A faithful transcript of all the lines below, with no pictures, is the goal here.
-- MATERIAL FOR THE TASK follows --
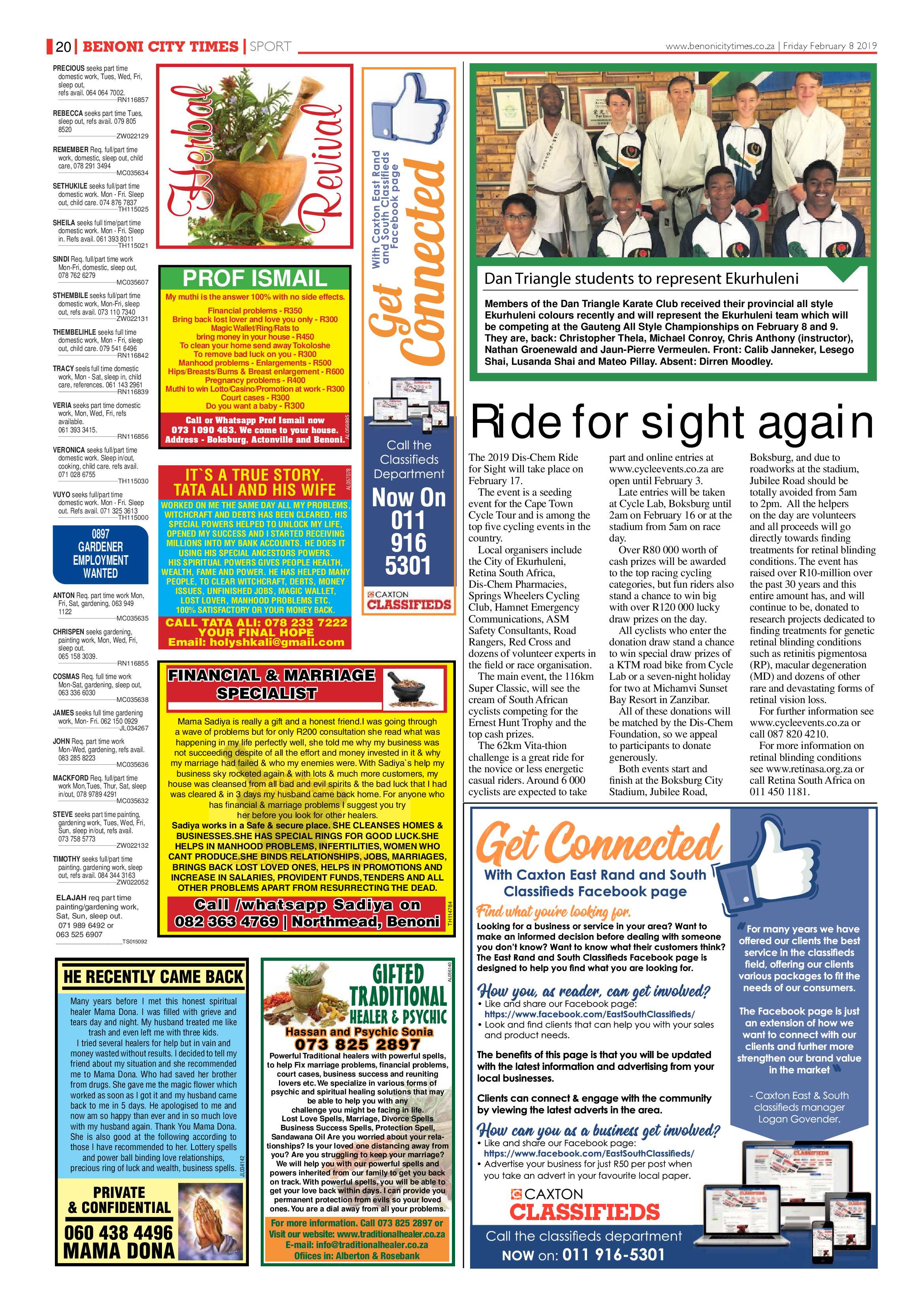 Benoni City News 07 February 2019 page 20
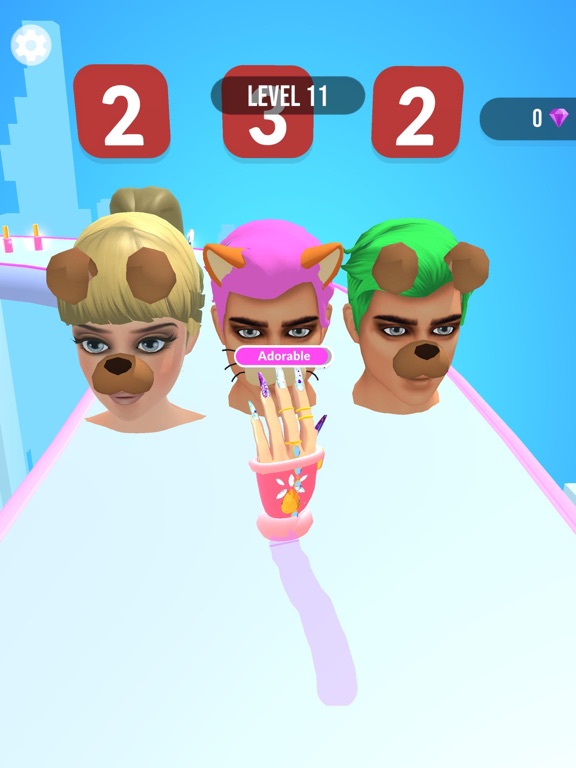 iPad Image of Hand Evolution Runner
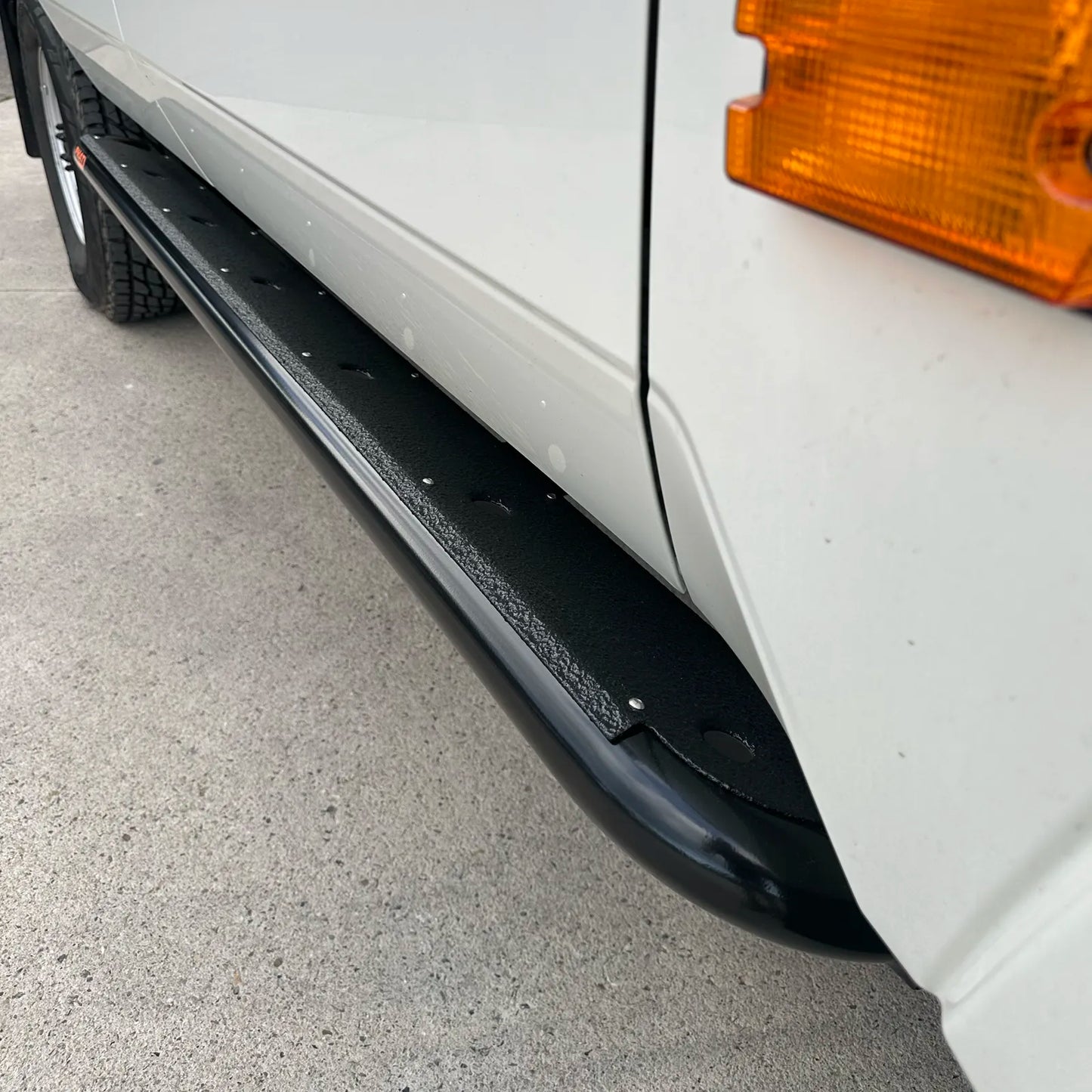 Toyota LandCruiser 78 Series “Troopy” Rock Sliders / Side Steps 2007-Present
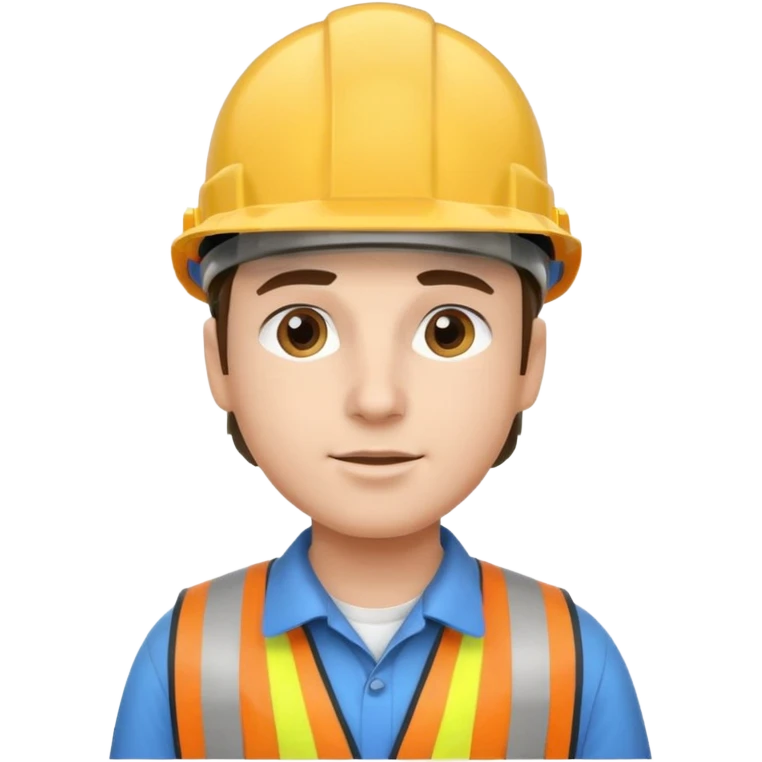 engineer, looking sideways wearing a hard hat  emoji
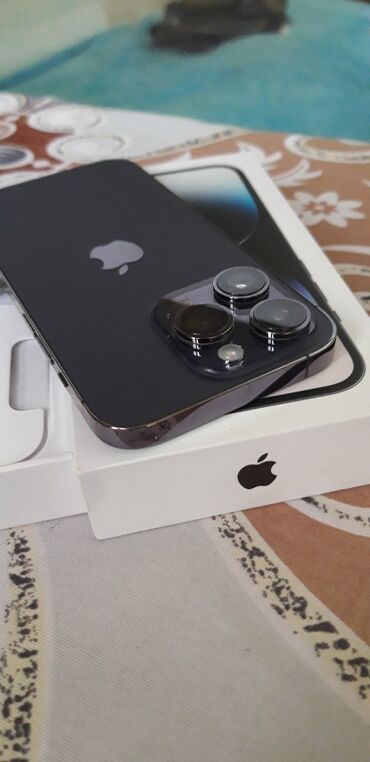 iphone 14 pro en ucuz: IPhone 14 Pro, 256 GB, Deep Purple, Face ID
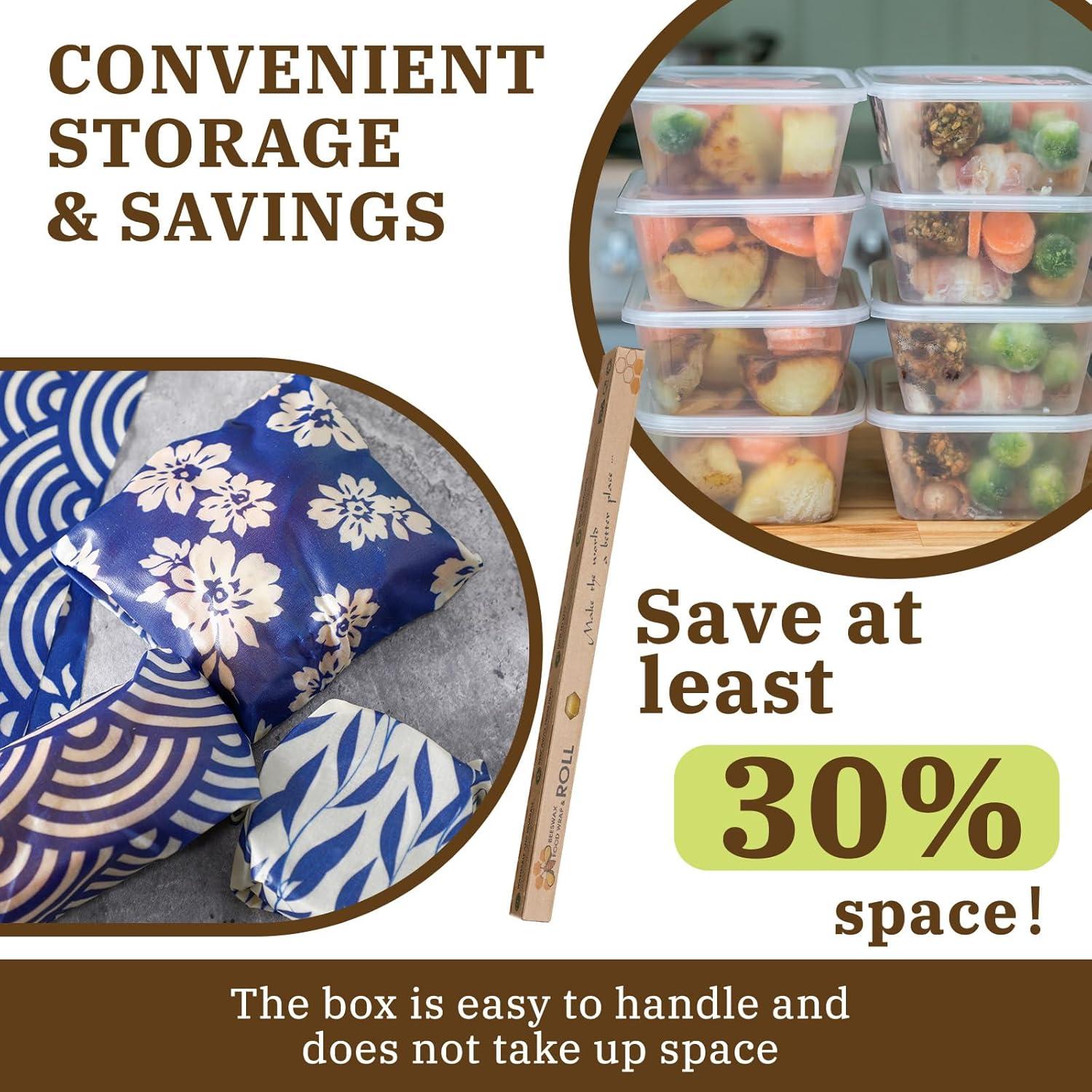 Envolturas de Cera de Abeja Moukeren 3 Rollos 33x100 cm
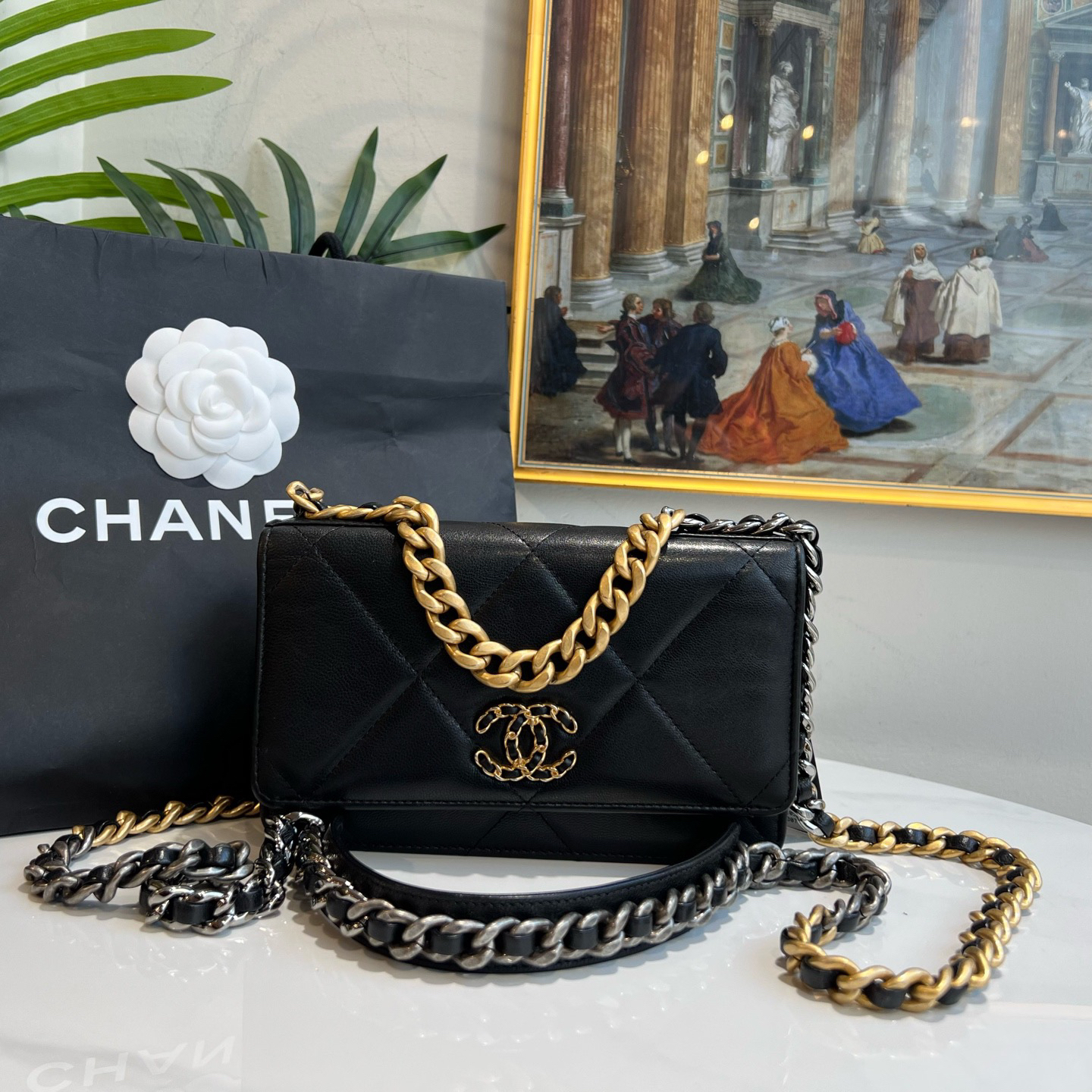 95新 Chanel/香奈儿 多宝二奢/93908/19bag woc 30开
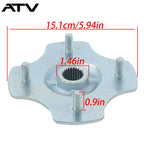 2 Rear Axle Wheel Hub Nut For Honda TRX250TM Recon 250 TRX250 TRX250TE 2X4 97-19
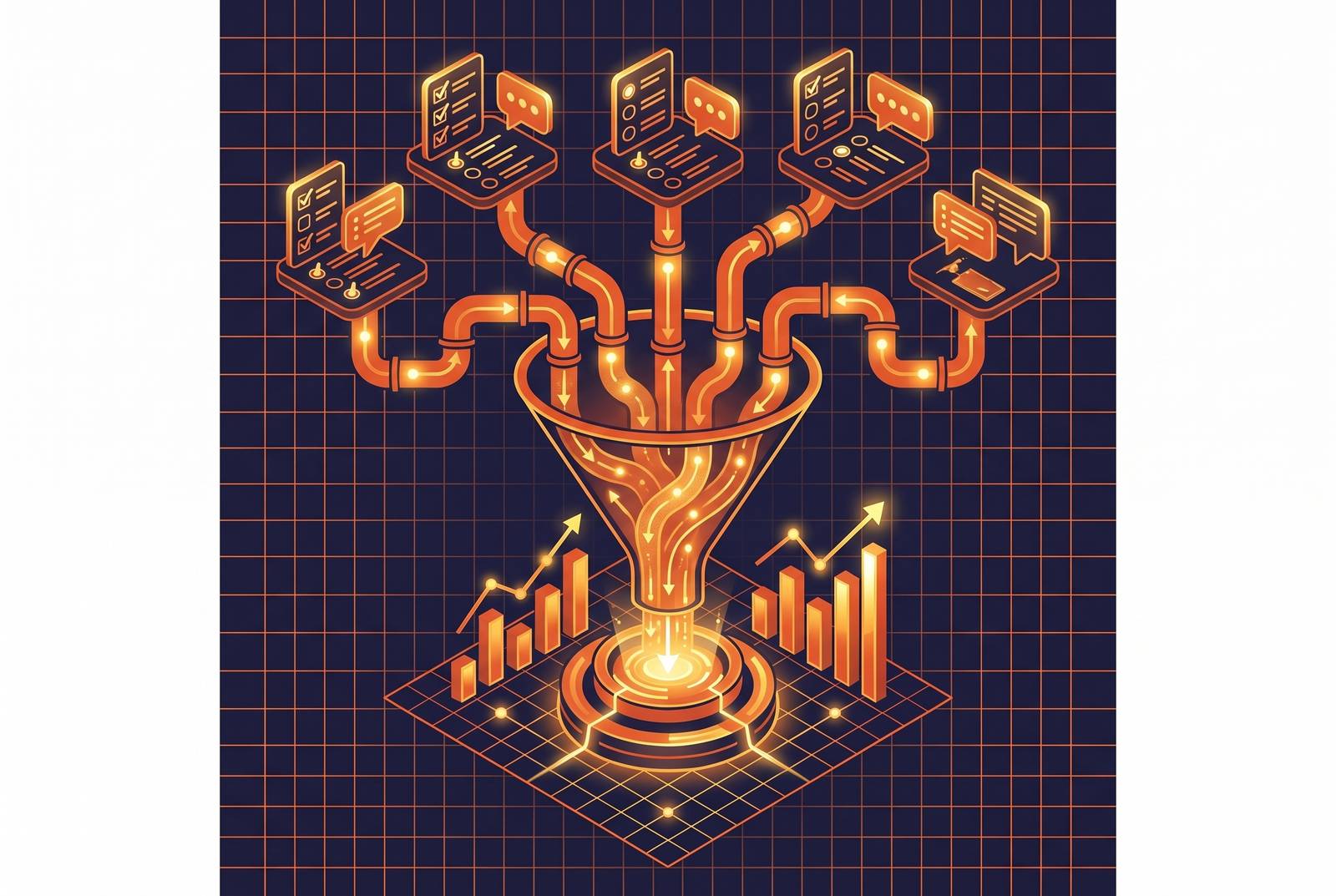 Cover illustration for “Self-Reported Attribution Surveys for B2B Pipeline Source Data”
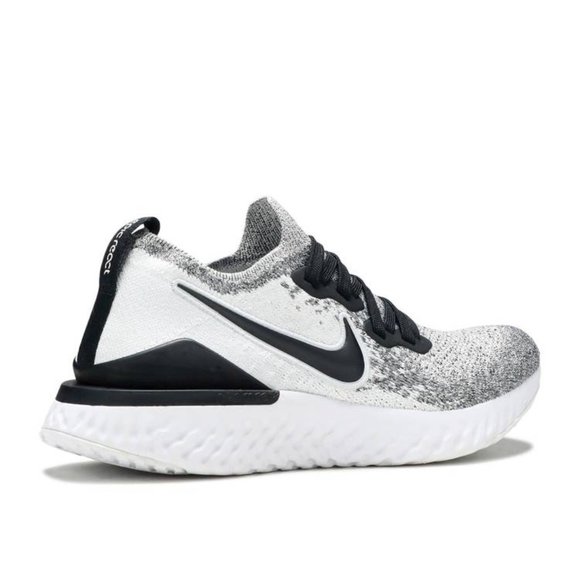 Nike Epic React Flyknit 2 Womens Running Shoe Black White BQ8927-102 NEW Multi - Picture 4 of 10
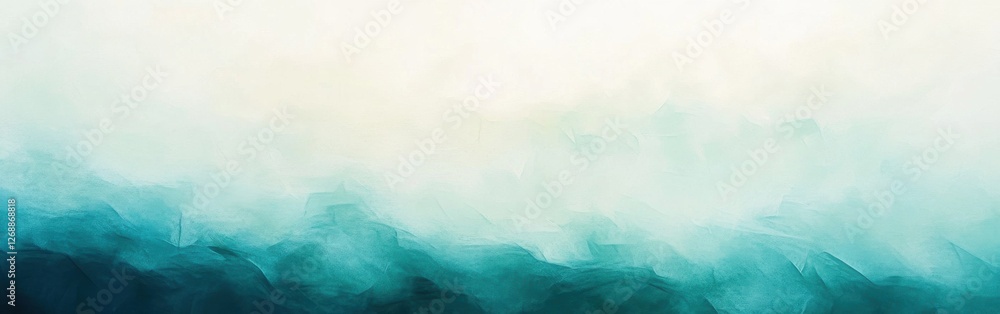 Leinwandbilder beautiful gradient background transitioning from soft turquoise to pale cream, perfect for design pr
-- MATERIAL FOR THE TASK concluded --
### [SOLUTION TO THIS TASK]
 Benoni City News 07 February 2019 page 20
 iPad Image of Hand Evolution Runner
 Toyota LandCruiser 78 Series “Troopy” Rock Sliders / Side Steps 2007-Present
 engineer, looking sideways wearing a hard hat  emoji
 iphone 14 pro en ucuz: IPhone 14 Pro, 256 GB, Deep Purple, Face ID
 Envolturas de Cera de Abeja Moukeren 3 Rollos 33x100 cm
 95新 Chanel/香奈儿 多宝二奢/93908/19bag woc 30开
 2 Rear Axle Wheel Hub Nut For Honda TRX250TM Recon 250 TRX250 TRX250TE 2X4 97-19
 Cover illustration for “Self-Reported Attribution Surveys for B2B Pipeline Source Data”
 Nike Epic React Flyknit 2 Womens Running Shoe Black White BQ8927-102 NEW Multi - Picture 4 of 10
 Leinwandbilder beautiful gradient background transitioning from soft turquoise to pale cream, perfect for design pr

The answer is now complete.